# Week of January 14th 2013 - It's baaaaack!



## billski (Jan 14, 2013)

Out with the sweat, in with the "seasonable weather!"
Chatter on FB

This may be the last time we see or feel 60 degrees outdoors for several weeks...AND some accumulating snow is coming Wednesday AM,
WBZ Weather



And the NWS:
Despite the recent unseasonable warmth, a return to more seasonable temperatures could bring a round of snow to Southern New England Tuesday night into Wednesday.


----------



## wtcobb (Jan 14, 2013)

Too bad the snow is falling in the southern areas and not up north. They need it badly after this weekend.


----------



## billski (Jan 14, 2013)

I notice the Mansfield stake is down 8" from its high.  Could bode well for the southern vt. areas.


----------



## ScottySkis (Jan 14, 2013)

Sent from my ADR6410LVW using Tapatalk 2

Everyone needs the snow, at least it not just falling in the city,platty especially needs snow now, let it snow in the Catskills please.


----------



## gmcunni (Jan 14, 2013)

CT pow day wednesday @ sundown


----------



## abc (Jan 14, 2013)

Dust on crust


----------



## KevinF (Jan 14, 2013)

Weird.  Looking at the NWS site (www.weather.gov) shows "clear" for my town (Marlborough) for the entire week.


----------



## bdfreetuna (Jan 15, 2013)

abc said:


> Dust on crust



Blue ice with a deceptive frosting of white fluff.
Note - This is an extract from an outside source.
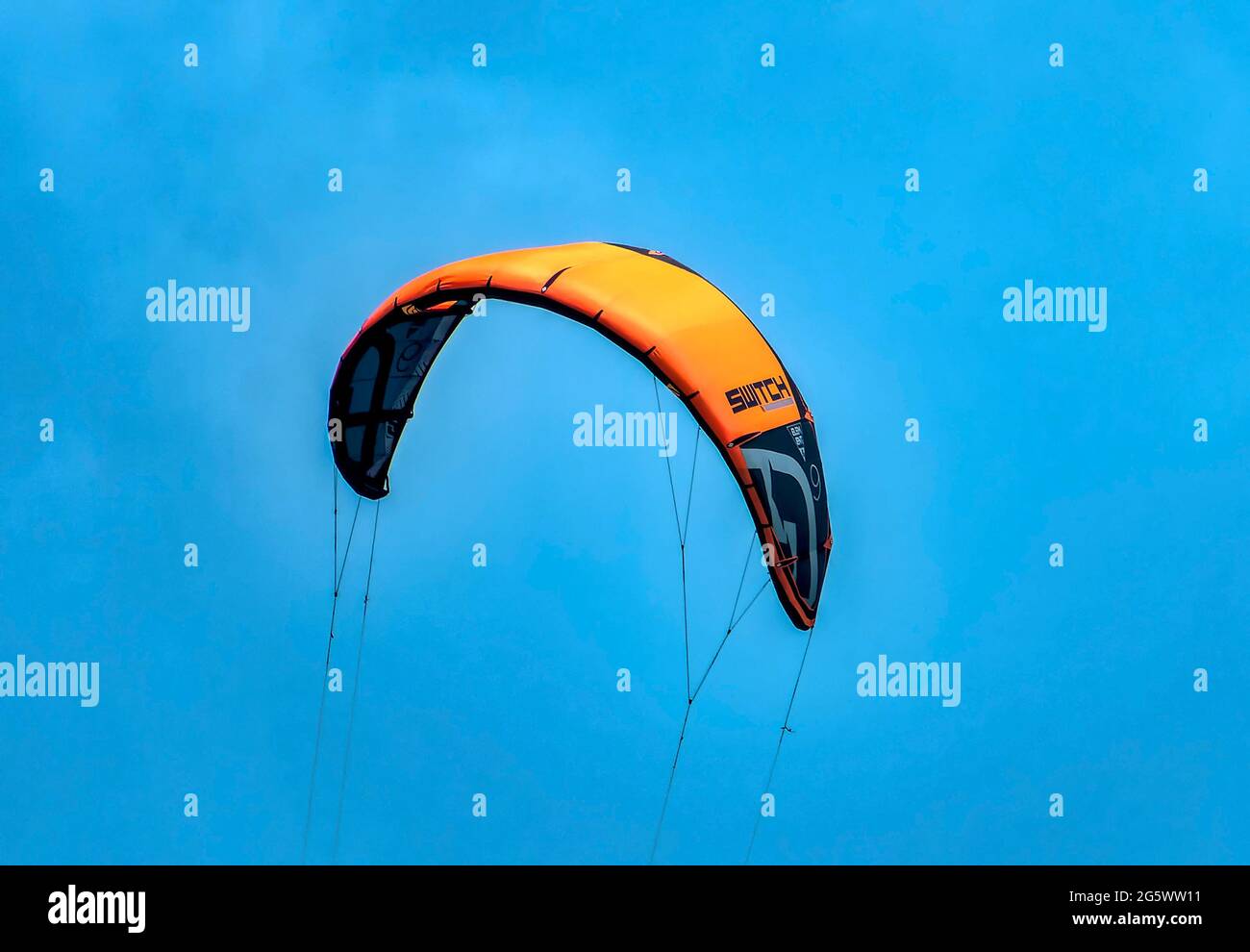Wind Surfing sail billowing in the clear sky Stock Photo Alamy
Isn't that everybody's favorite?


----------



## ScottySkis (Jan 15, 2013)

Snow For Hunter yahoo snow.


----------



## Glenn (Jan 15, 2013)

Sent it north! People in CT just complain about it. :lol:


----------



## kingslug (Jan 15, 2013)

At least Hunter will blow enough to bury the crust somewhat...


----------



## billski (Jan 15, 2013)

Looks like NNE will fair "ok" out of this.  Check out the nws charts

http://www.iabsi.com/public/ski/wx_charts.htm


----------



## BenedictGomez (Jan 15, 2013)

As this storm keeps getting bumped northward, it's getting better and better, at least for the Catskills, s.VT, MA and NH.  Hopefully it outperforms on snow totals.


----------



## WinnChill (Jan 16, 2013)

The way it's stretched out, I wouldn't expect it to overperform but it did move north nicely.


----------



## Nick (Jan 16, 2013)

My backyard in MA has over 4" easily which is the top end of predictions.


----------



## Bene288 (Jan 16, 2013)

4" in Albany NY as of 7:10 this am and snowing heavy.


----------



## ScottySkis (Jan 16, 2013)

Sent from my ADR6410LVW using Tapatalk 2
4 inches in Orange County NY.


----------



## ALLSKIING (Jan 16, 2013)

Nick said:


> My backyard in MA has over 4" easily which is the top end of predictions.


Nice!!


----------